### Work instructions
Starting with the first line of the data below, copy each line up to and including the one containing "Down here in". Pictures stay out.

### Stored data entries

# # # # #

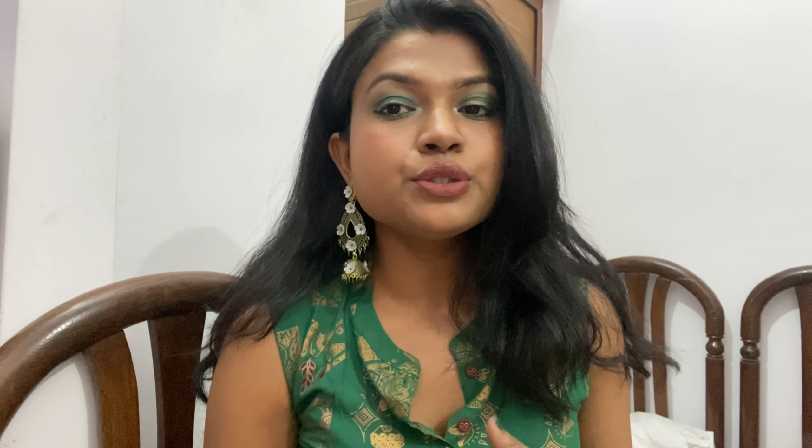As you guys know, this is all about the wedding series. This look I created for Mehndi night. If you really wanted to know how to create this simple and easy look, I'll create it in just 10 to 15 minutes. You can easily recreate this look. Let's get started.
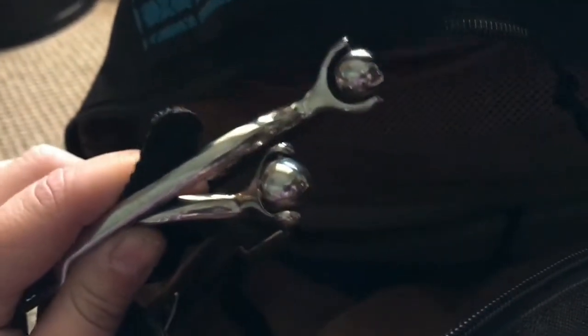Down here in this second little zipper pocket I keep my extra spurs — just my roly ball ones. I usually like to keep my longer ones in here but I think they're at the barn for whatever reason. And down in here I have a water bottle — stay hydrated.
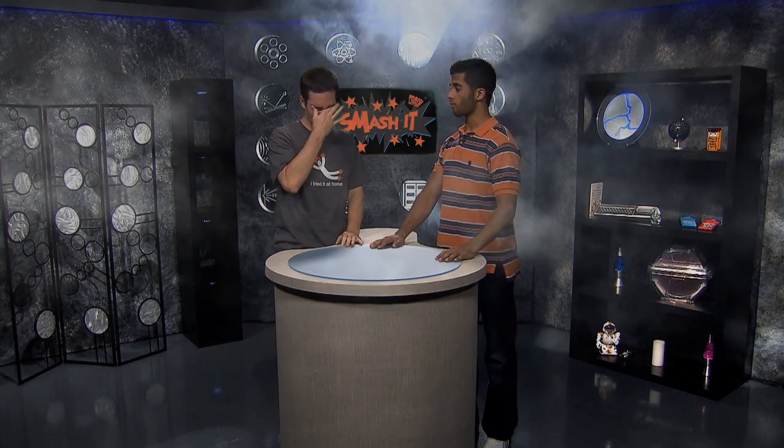Hello everybody and welcome to Smash It. I am Bentley and this is my smoking co-host, Taj. Great Scott, Taj. What did you do and what is that smell?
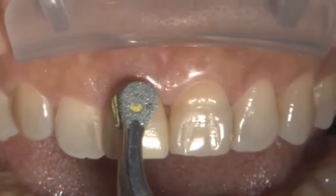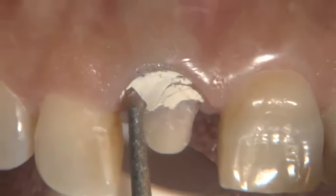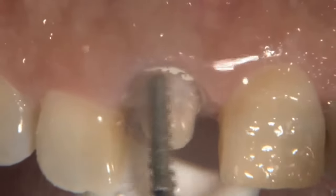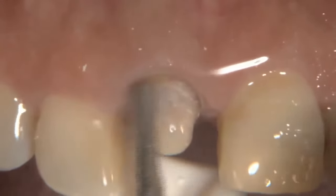I wanted to take you through a clinical case here. We're removing the temporary crown on tooth number eight. As we get ready to remove the old cement as part of our first step, I'm just using a sonic scaler here to make sure that the tooth surface is nice and clean as we get the temp bond temporary cement off.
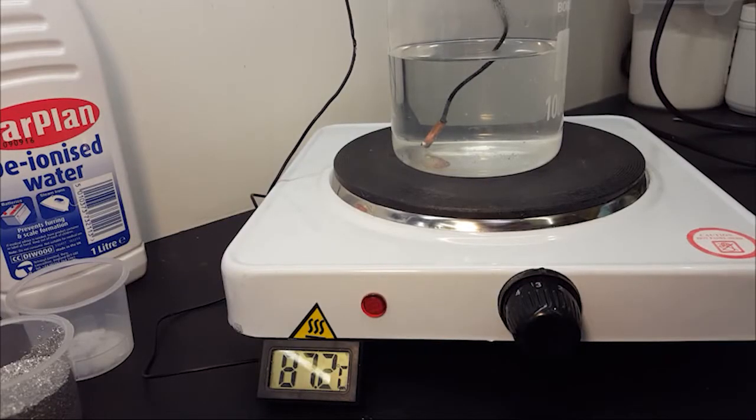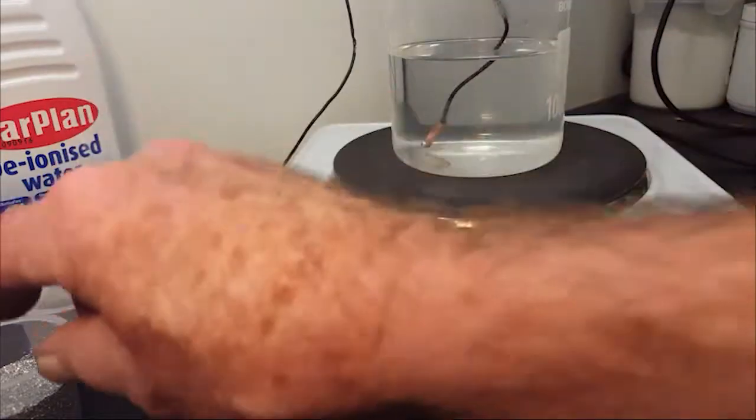In this little experiment you can see how simple it is to produce pure hydrogen from water using a little heat, shredded aluminium wire and our own proprietary catalyst. I'm going to add the aluminium now.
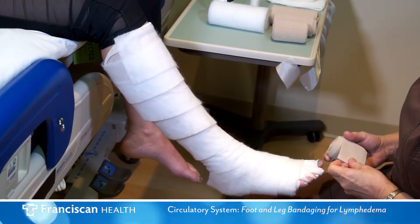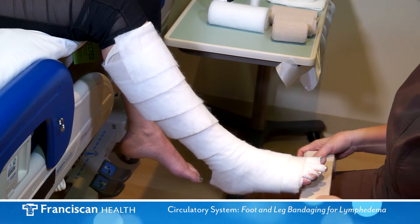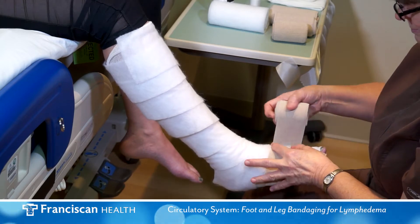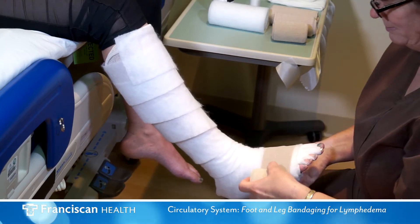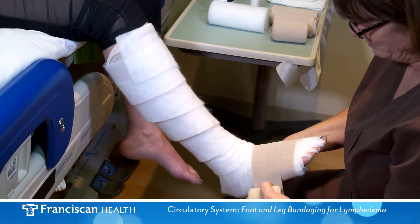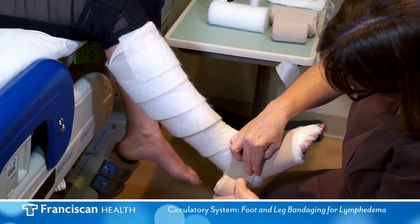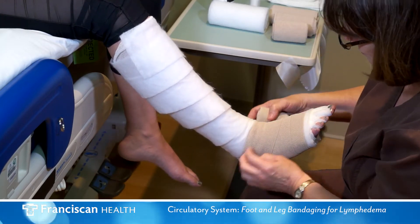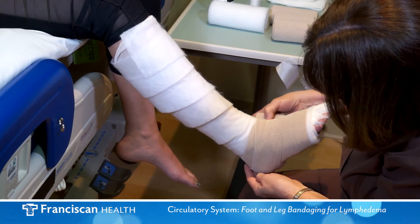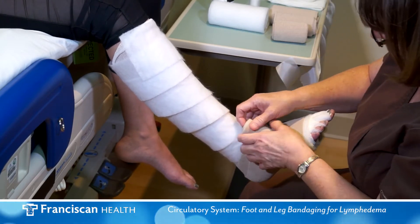The first compression bandage is the smallest. Start at the base of the toes. The foot should be held at a 90-degree angle while spiral wrapping around the foot, heel, and ankle. When wrapping with the brown bandage, overlap by 50% and stretch by 50% to maintain the appropriate pressure.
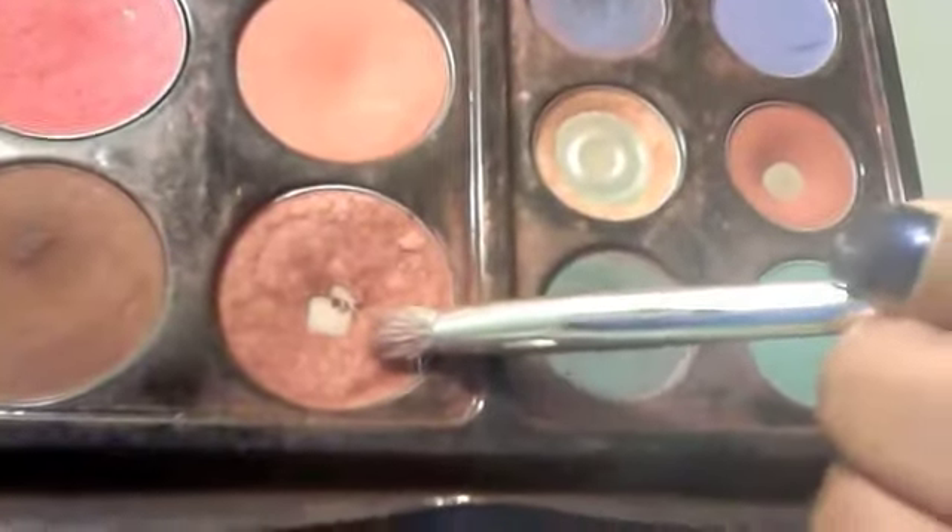We're gonna take that brown and place it right in the crease, and we're gonna bring it all the way over because we want to blend out the lines of the shadow we previously added.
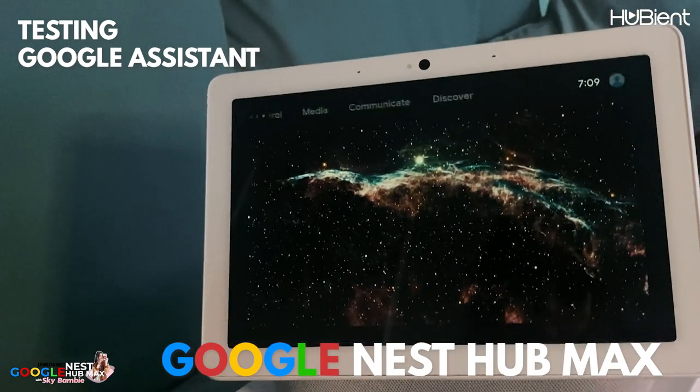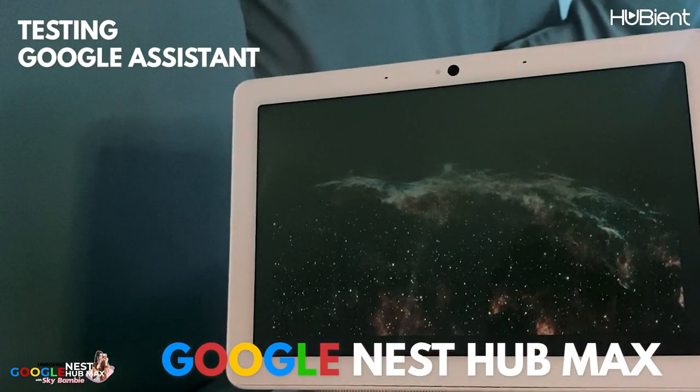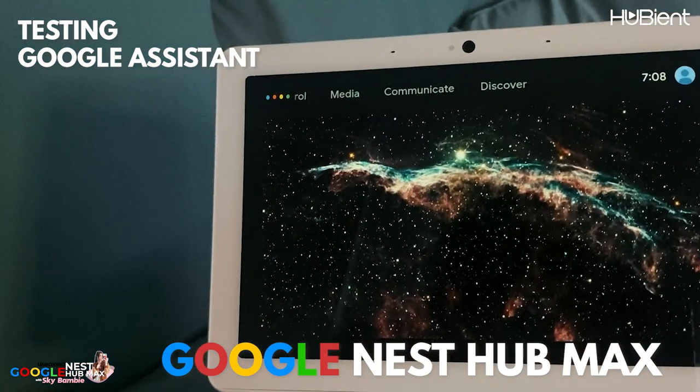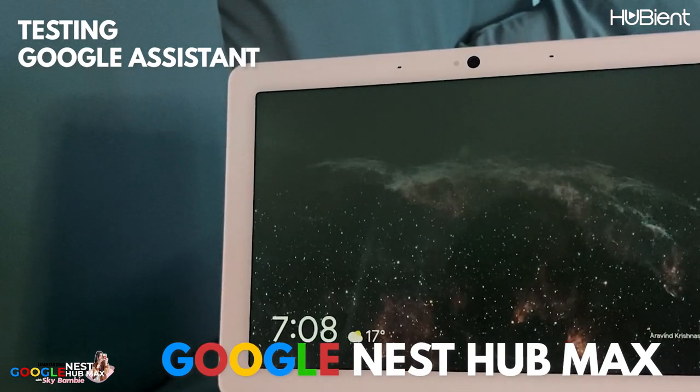Hey Google, is Santa Claus real? I believe in Santa, we better be good. Okay Google, what do you think of Alexa? I like Alexa's cool blue light. Plus we share an affinity for Star Wars.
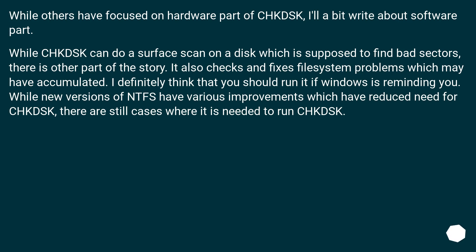While others have focused on the hardware part of CHKDSK, it's worth writing about the software part. While CHKDSK can do a surface scan on a disk which is supposed to find bad sectors, there is another part of the story: it also checks and fixes file system problems which may have accumulated. I definitely think you should run it if Windows is reminding you. While newer versions of NTFS have various improvements which have reduced the need for CHKDSK, there are still cases where it is needed.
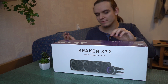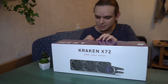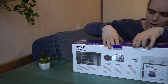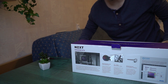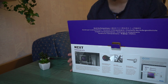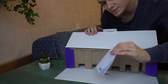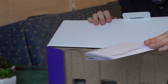Just take a knife — it's really easy to open this box. As you can see it opens like this. The first thing you will see is of course the manual for the Kraken series, showing how to install it and other things.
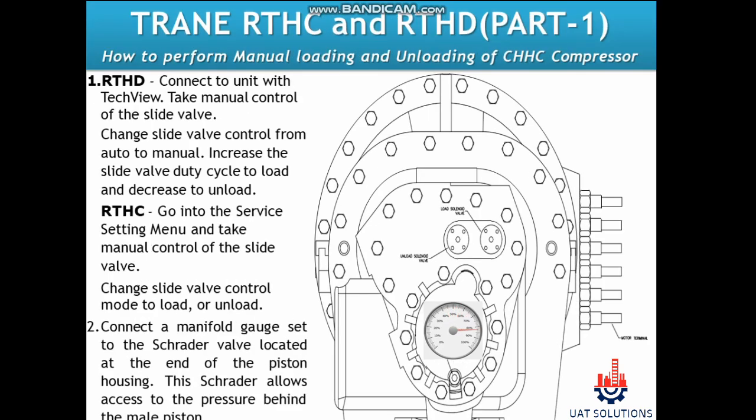How to load the compressor manually: For an RTHD chiller, connect to the unit with TechView, change slide valve control from auto to manual, and increase the slide valve duty cycle to load the compressor. For an RTHC chiller, go into the service settings menu and take manual control of the slide valve.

# # # # #

### Task result
As you guys know, this is all about the wedding series. This look I created for Mehndi night. If you really wanted to know how to create this simple and easy look, I'll create it in just 10 to 15 minutes. You can easily recreate this look. Let's get started.
Down here in this second little zipper pocket I keep my extra spurs — just my roly ball ones. I usually like to keep my longer ones in here but I think they're at the barn for whatever reason. And down in here I have a water bottle — stay hydrated.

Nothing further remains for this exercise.